Si la version des 50's est nettement plus connue du grand public, le réalisateur de cette dernière, Cecil B. DeMille, avait pourtant déjà livré trois décennies auparavant une première mouture d'un de ses films les plus emblématiques. Années 20 oblige, c'est du noir et blanc, et surtout du muet. Ce dernier point sera à coup sur un frein pour pas mal de personnes. Et ceux-ci passeront à coté d'un excellent métrage. Autant je ne suis pas fan de tout ce qui touche à la religion (pour ne pas dire que ça me sort par les yeux), mais il y a une vrai maitrise du cinéma dans cette œuvre qui fait j’ai pu facilement faire abstraction de cette ambiance biblique omniprésente.

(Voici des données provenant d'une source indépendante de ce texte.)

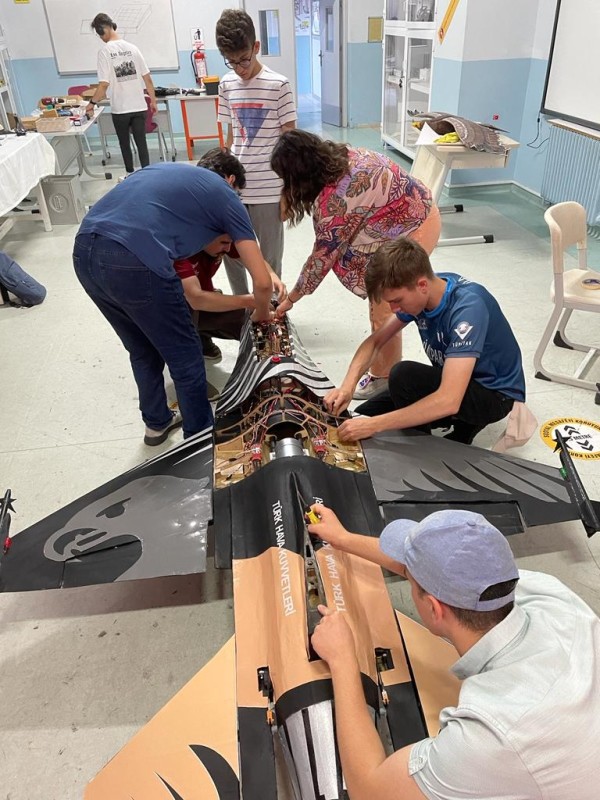 Özel Yesevi Havacılık Lisesi İHA-SİHA ve Dron Üretimi - 2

Le premier tiers s'attardera sur la fuite du peuple hébreu d’Égypte, incluant traversée au sec de la Mer Rouge, la révélation des fameux dix commandements, et la rupture d'un de ceux-ci en l'absence de Moïse parti faire causette avec le big boss. Intéressant pour ces quelques séquences d'effets spéciaux fait maison au rendus surprenants, pour ses nombreux figurants offrant des plans impressionnants pour l'époque, pour son coté brut de décoffrage aussi, avec tout ces ratés en live (cf les séquences avec les Égyptiens en chariots). Cette première partie fait mouche et va à l'essentiel, avant de surprendre via un changement d'époque pour se retrouver aux temps modernes. Et on aborde là la partie la plus passionnante du film. Cette heure et demie est une gigantesque métaphore.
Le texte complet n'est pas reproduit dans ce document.